Records shown Block Start

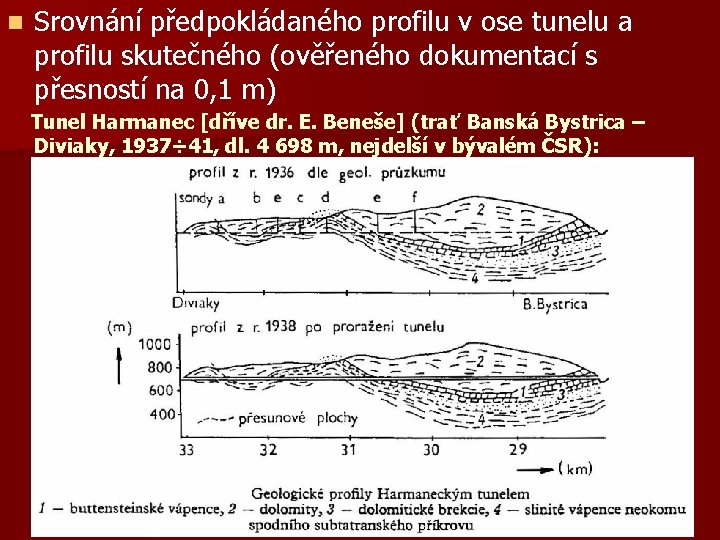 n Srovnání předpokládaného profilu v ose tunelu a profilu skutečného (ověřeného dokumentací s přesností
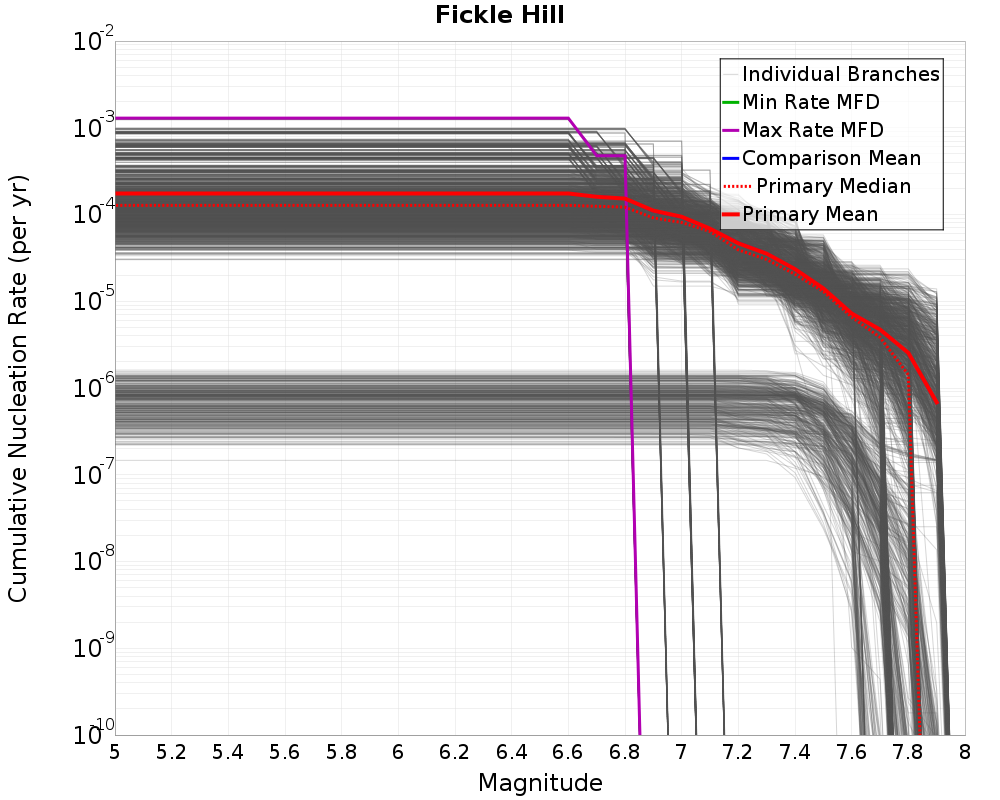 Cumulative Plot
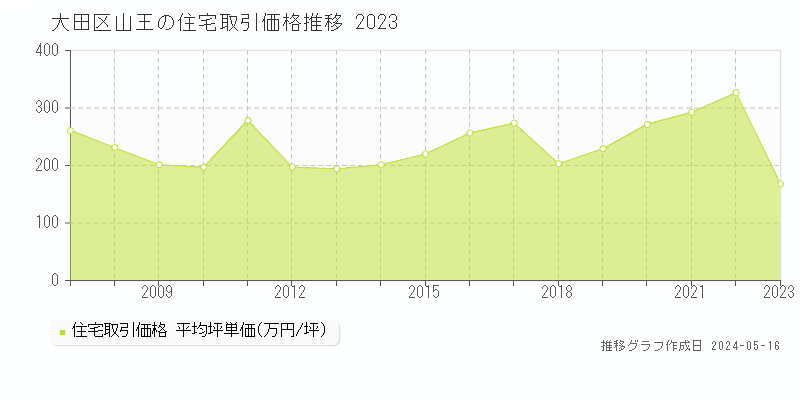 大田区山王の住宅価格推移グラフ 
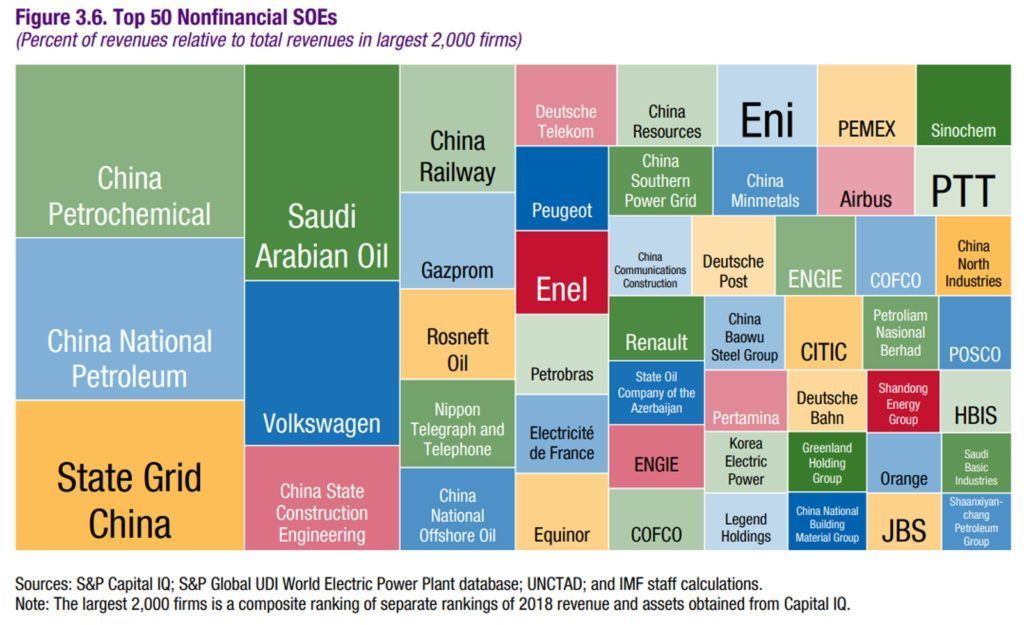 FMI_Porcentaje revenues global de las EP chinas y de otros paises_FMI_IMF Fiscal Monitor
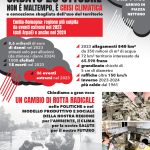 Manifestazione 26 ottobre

Records shown Block End

Set down the records exactly, without the pictures.

 n Srovnání předpokládaného profilu v ose tunelu a profilu skutečného (ověřeného dokumentací s přesností
 Cumulative Plot
 大田区山王の住宅価格推移グラフ 
 FMI_Porcentaje revenues global de las EP chinas y de otros paises_FMI_IMF Fiscal Monitor
 Manifestazione 26 ottobre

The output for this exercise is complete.